## Data for the task
|---|
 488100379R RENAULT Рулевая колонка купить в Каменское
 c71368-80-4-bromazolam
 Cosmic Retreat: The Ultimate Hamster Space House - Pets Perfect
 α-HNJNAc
|---|
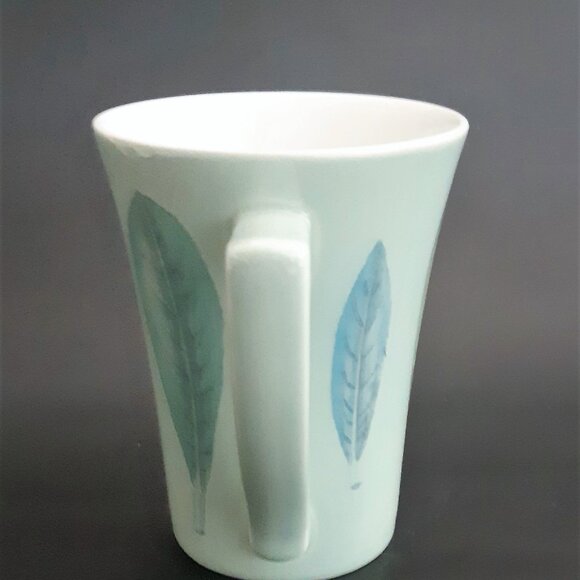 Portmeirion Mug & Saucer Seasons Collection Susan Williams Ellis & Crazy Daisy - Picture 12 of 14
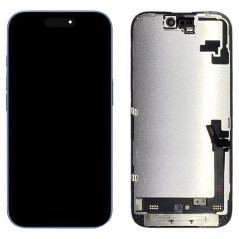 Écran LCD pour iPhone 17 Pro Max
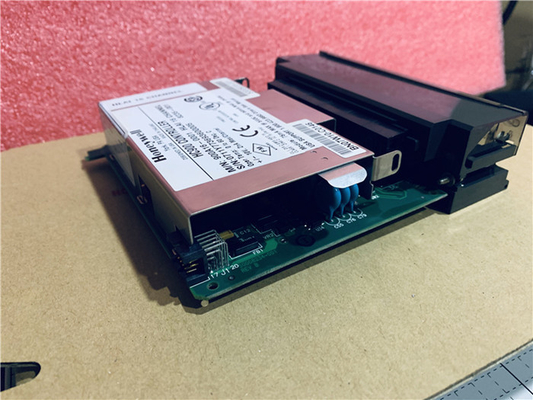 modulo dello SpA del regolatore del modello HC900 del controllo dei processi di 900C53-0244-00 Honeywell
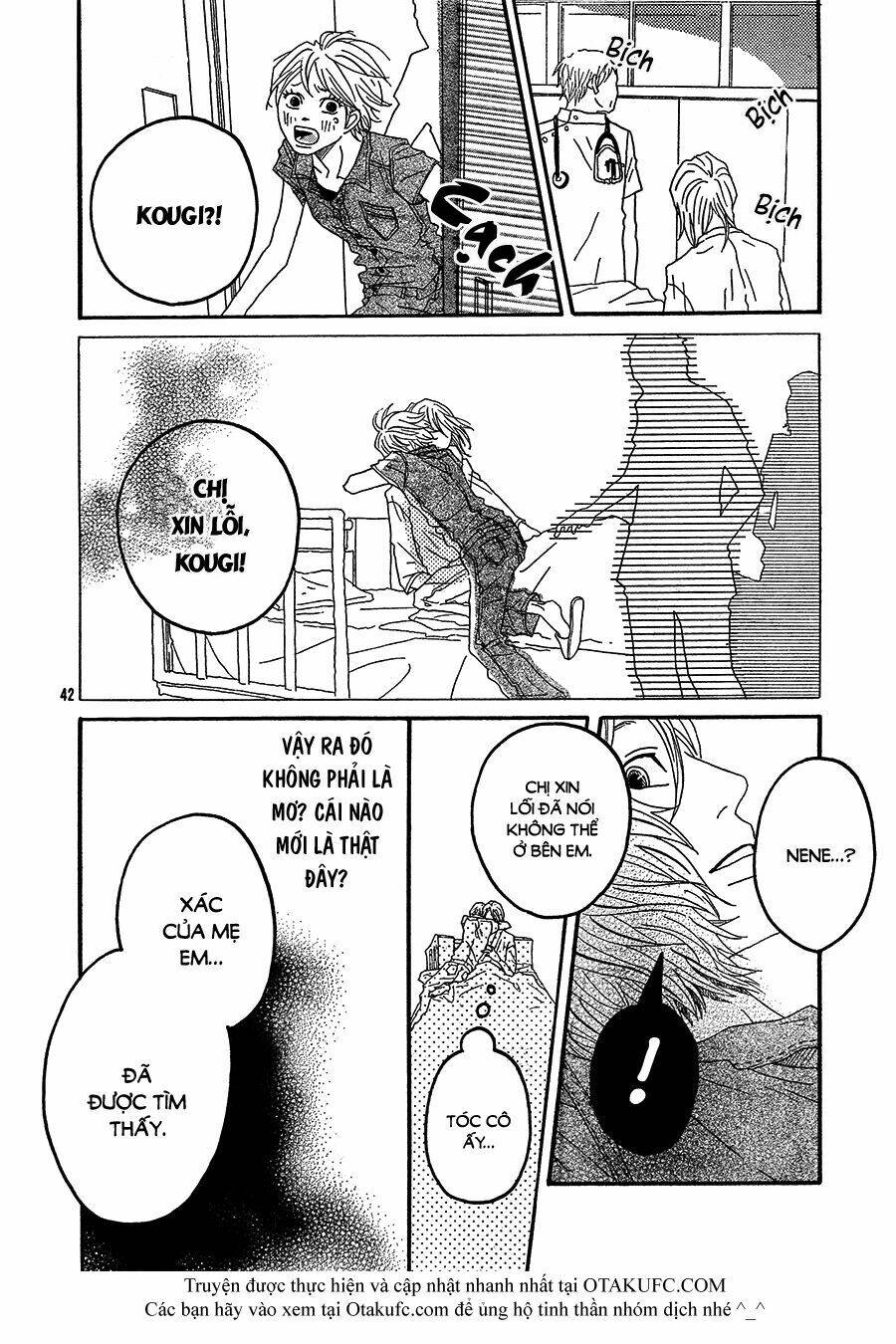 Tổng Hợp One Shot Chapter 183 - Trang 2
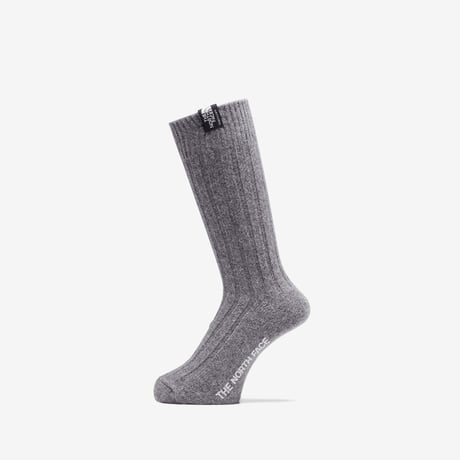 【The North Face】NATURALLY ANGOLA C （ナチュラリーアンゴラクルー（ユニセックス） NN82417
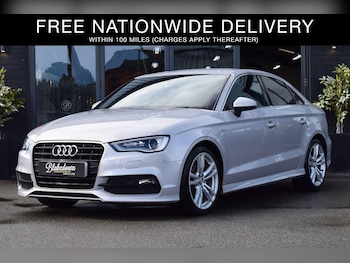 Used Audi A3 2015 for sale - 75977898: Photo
|---|
## Exercise details
Range to copy from the listing above: the line with "Portmeirion Mug &" through the line with "Used Audi A3 2015 for sale - 75977898: Photo". Transcribe it exactly and skip the pictures.

## Response box
 Portmeirion Mug & Saucer Seasons Collection Susan Williams Ellis & Crazy Daisy - Picture 12 of 14
 Écran LCD pour iPhone 17 Pro Max
 modulo dello SpA del regolatore del modello HC900 del controllo dei processi di 900C53-0244-00 Honeywell
 Tổng Hợp One Shot Chapter 183 - Trang 2
 【The North Face】NATURALLY ANGOLA C （ナチュラリーアンゴラクルー（ユニセックス） NN82417
 Used Audi A3 2015 for sale - 75977898: Photo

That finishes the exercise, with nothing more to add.